In contrast to the input domain, the output domain was rather diverse. Though most response regulators act as transcriptional regulators with various DNA-binding domains, the output domains of response regulators covered effector domains with a wide range of cellular functions, including RNA-binding, chemotaxis, two-component phosphorelay, cyclic di-GMP signaling, cAMP signaling and protein Ser/Thr phosphorylation (76). The properties that no restriction was applied on the variety of domains fused with the receiver domain and many 2CSs were able to interfere with the functioning of other signal transduction systems put 2CSs at the top of the bacterial signaling hierarchy.

1.2.4 The 2CS network

The increasing knowledge of 2CSs has revealed a diversity of designs controlling the flow of information within and between circuits. As a result, a 2CS network could be expected from two aspects, either the control of phosphorylation/dephosphorylation, or the signal integration and distribution among phosphotransfer pathways.

The control of phosphorylation/dephosphorylation covers single-step phosphotransfer, in which the sensor kinase exerts only its kinase activity, like the histidine kinase CheA in chemotaxis circuits (126), or exerts both kinase and phosphatase activity, as exemplified by

the E. coli 2CSs OmpR/EnvZ (11), PhoP/PhoQ (166) and CpxR/CpxA (217). In the latter case, a high expression level of the histidine kinase will increase the complex formation of the kinase/response regulator pair, with a commitment decrease in the response regulator phosphorylation.

The occurrence of phosphorelay in a 2CS could be found either in separate components, as in the sporulation phosphorelay of B. subtilis (180), or in hybrid proteins which usually contain reversible phosphorylation (4, 80) as also observed in RcsCDB phosphorelay regulating E. coli group I CPS biosynthesis (155). Possibly, the evolution of such complex phosphorelay machinery in 2CS signaling could provide additional points of control.

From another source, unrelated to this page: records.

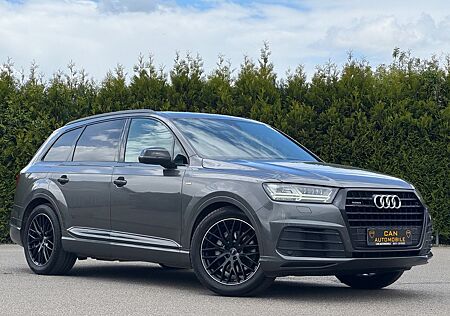 Audi Q7 3.0 TDI quattro-S Line-Virtual-HeadUp-Matrix
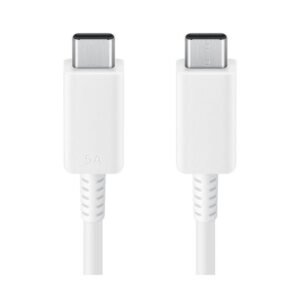 USB-C kaapeli, 1.8 m, valkoinen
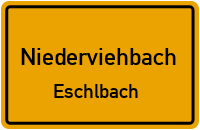 Straßenverzeichnis Niederviehbach Eschlbach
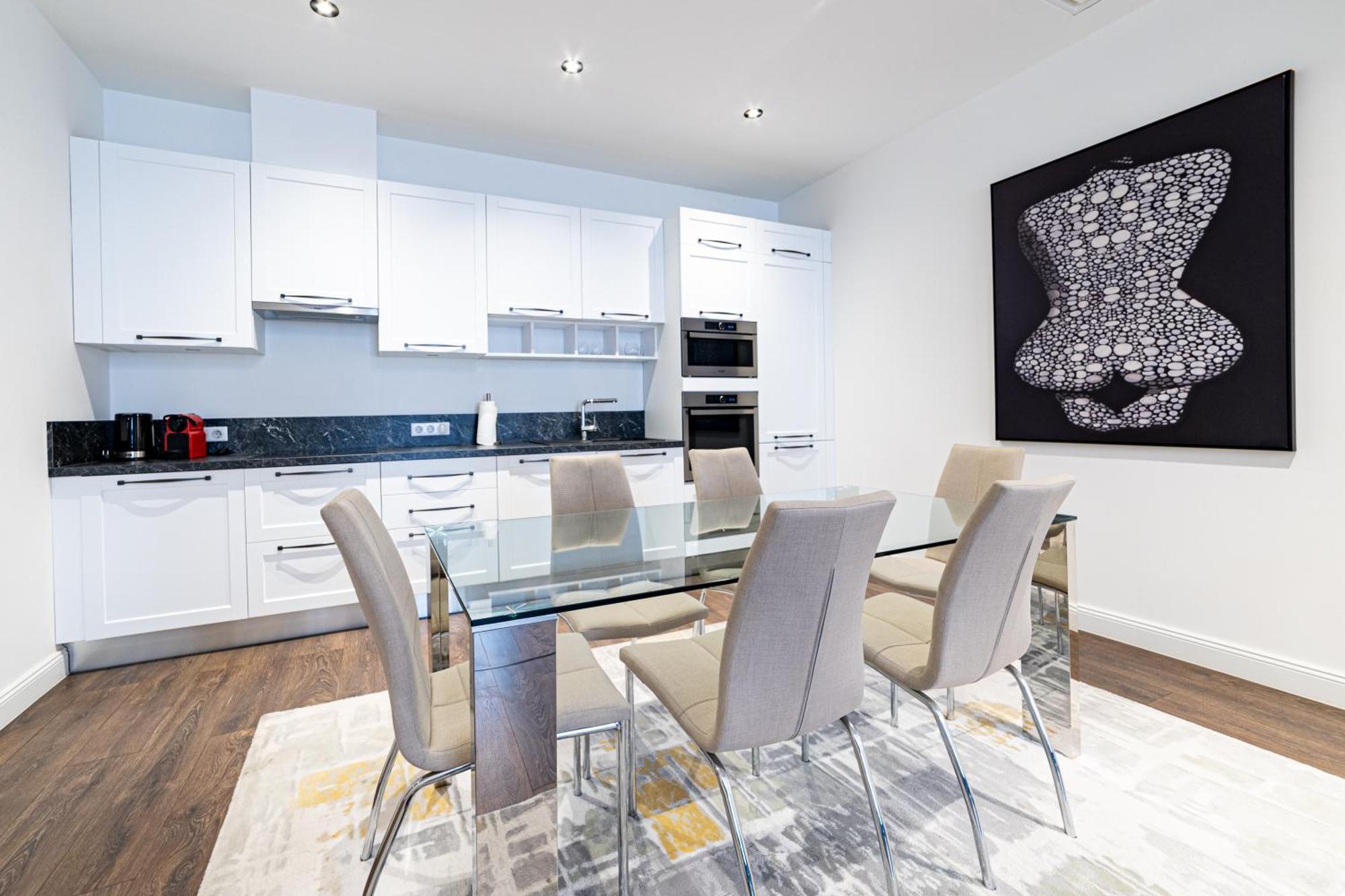 Kozmo Residences Budapest Eksteriør bilde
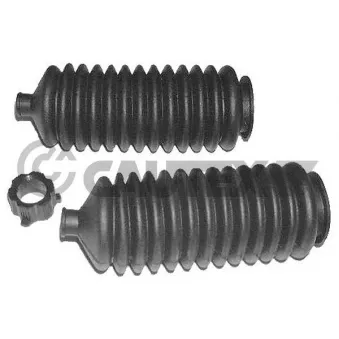 Jeu de joints-soufflets, direction CAUTEX OEM 7704000926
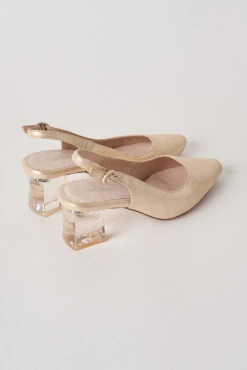 Belle Shimmer Heel 10 Belle Shimmer Heel -Blue Illusion belleshimmerheel2604 edit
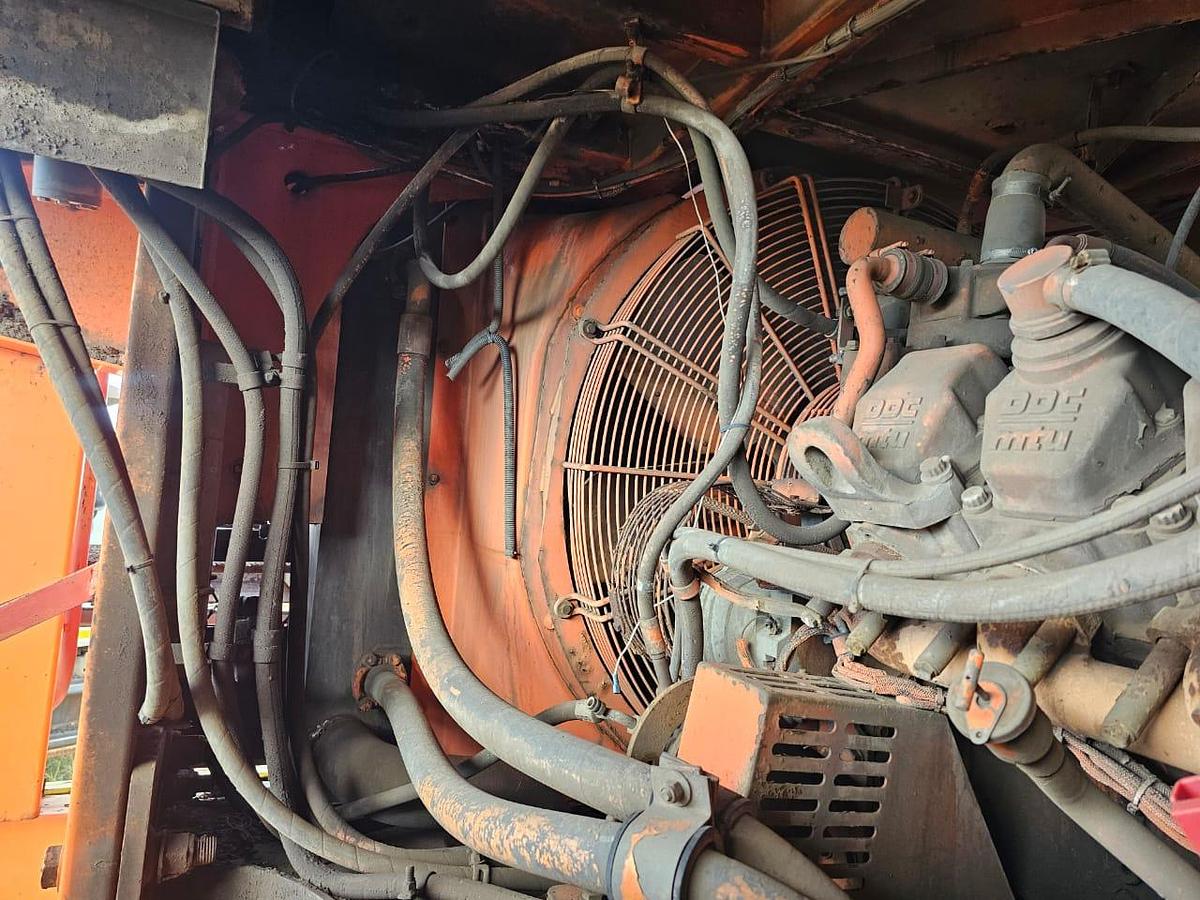 Used 50000 LITRE DIESEL BOWSER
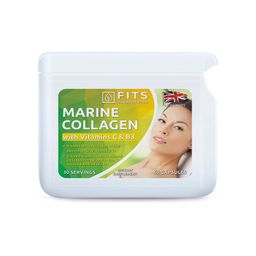 FITS - Meereskollagen, Vitamin C und Vitamin B3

Finally, the autoregulation, which is resulted from a positive feedback from the 2CS itself, probably modulates the sensitivity to the applied stimulus, as explored in the BvgA/BvgS in Bordetella bronchiseptica (255). This may also create a short-term “learning”

behavior, as shown in 2CS PhoB/PhoR in E. coli (103). A negative autoregulation could even give rise to an oscillatory behavior in the expression of downstream genes, as observed in the 2CS CovS/CovR in Streptococcus pyogenes (93).

In view of signal integration and distribution among phosphotransfer pathways, the 2CS network contains branched pathways of either “one-to-many” in the chemotaxis regulatory system (126), “many-to one” in the quorum sensing network of Vibrio harveyi (151), or

“cross-regulation” via auxiliary proteins in S. enterica PmrD connector-mediated circuit (117, 119). Though much has been investigated in the complex 2CS network, a need remains for better understanding towards the properties of different circuit architectures to identify potential drug targets.